SEGANDO.
¡¡¡Hostias!!!. Exclamó enderezándose, el encorvado bracero, con la hoz en la derecha y contemplándose la mano izquierda chorreando de sangre. Los demás segadores también se enderezaron, mirando hacia el lugar de donde procedía el inesperado grito.
Soltando sus hoces y las casi atadas gavillas, corrieron hasta el hombre, pudiendo ver aun el dedo meñique colgando de la mano por un trozo de piel, como si de un macabro péndulo se tratara.
--¡Joder, qué corte!, exclamaban por igual, conforme iban llegando al accidentado que, de un tirón, arrancó lo poco que unía al dedo con la mano y lo lanzó lo mas lejos que pudo, profiriendo alguno que otro taco y maldición. Se envolvió, o mas bien, se lió el dedo con un pañuelo y, pretendía seguir segando.
--¡Estás loco, tío!, le recriminaron, procurando que se sentara a la sombra del olivo mas cercano. Lo que ocurría, es que, todavía caliente, no le dolía el sesgo y aun le quedaba la mitad del cuadrado que el capataz le había asignado, como faena para el día.

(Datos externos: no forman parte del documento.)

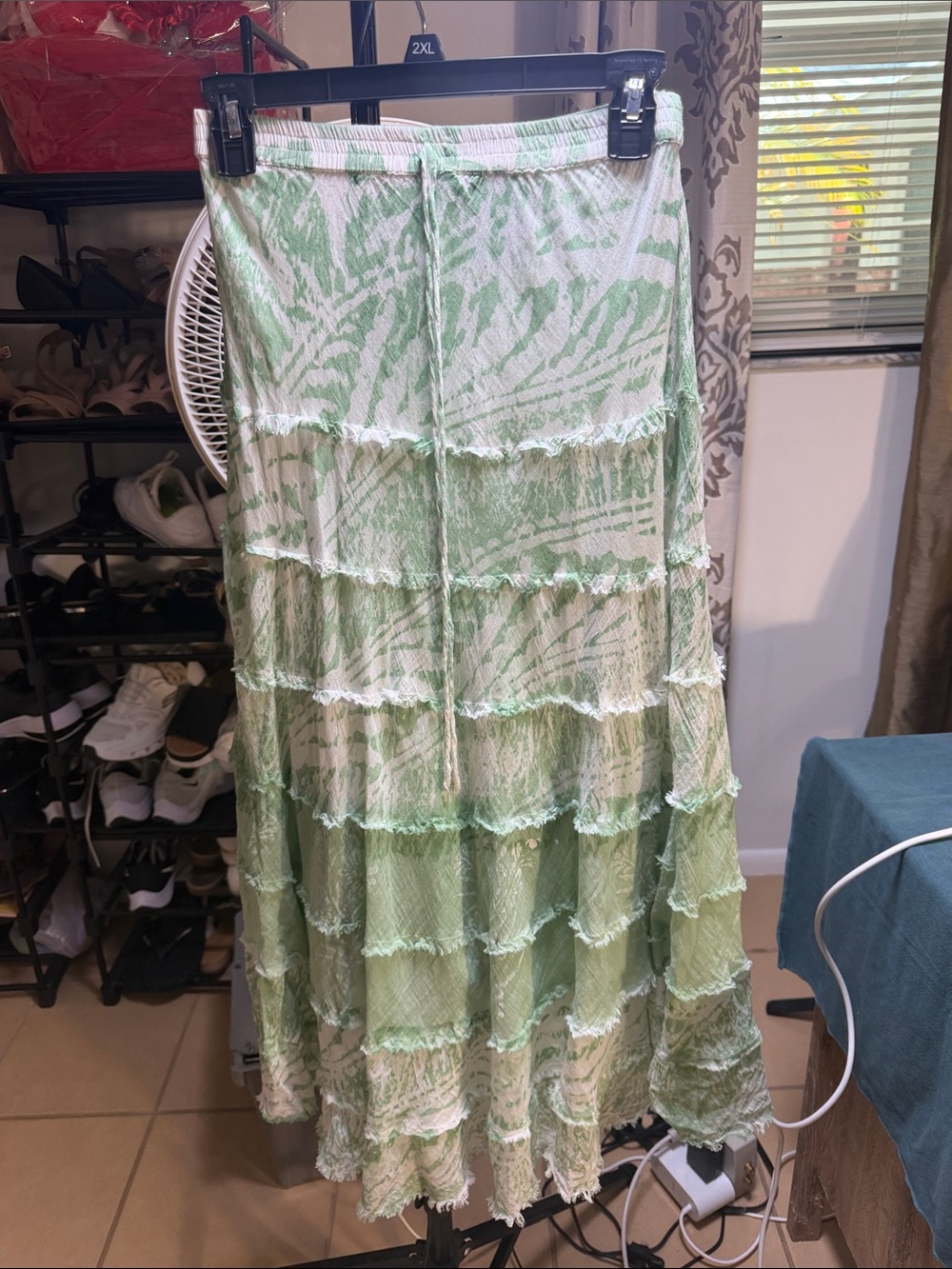 Metro Wear Light Green Tiered Maxi Skirt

Pasaron los primeros segundos a la sombra, cuando la herida comenzó a despertarse, hasta aumentar el dolor en forma tal, que
hasta el herido, que solía presumir de bruto por su aguante, comenzó a llorar y a dar alaridos. Era el resultado de habérsele enfriado la herida. ¡Menudos gritos que, el pobre, daba!.
No había botiquín, ni practicante, ni menos aun, médico. El pueblo mas cercano estaba a tres días de camino, andando, porque tampoco tenían bestia alguna sobre la que montarlo. El que estaba a cargo de preparar la comida, azuzó el fuego con un puñado de ramas mas, y puso su gran navaja albaceteña entre las ascuas, echando el agua de uno de los botijos en una olla y haciendo unas tiras de una camisa limpia que llevaba como muda, buscó un cordel y halló una tomiza, con la que ataron el antebrazo del herido a una rama baja del olivo, inmovilizándola y mientras, ordenó a sus compañeros sujetar al “cuatro dedos”, que así es como le llamarían desde entonces; le obligaron a beber una bota entera de buen vino a chorro gordo, es decir, quitándole la boquilla reguladora. Algún que otro chorreón le echaron en el dedo, o en lo que quedaba de él, para desinfectarlo, decían. Pero, ¿qué mas desinfección que el acero rojo de la ancha hoja de la faca?. A pesar de estar borracho, el “cuatro dedos” gritó, hasta perder el conocimiento y, bajo la densa nube de humo grasiento, todos pudieron mascar el olor a carne quemada que, el de la faca, había esculpido en un aceptable muñón, que mantuvieron todo lo que restaba de día, dentro de la olla con agua fría. Toda el agua de los botijos se hirvió y las tiras de la camisa de cocieron en ella. Se le cambiaron las vendas aproximadamente cada tres horas y el agua hervida pero ya fría de las ollas, se empleó para sumergir la mano vendada del “cuatro dedos” y refrescarle los sudores del rostro.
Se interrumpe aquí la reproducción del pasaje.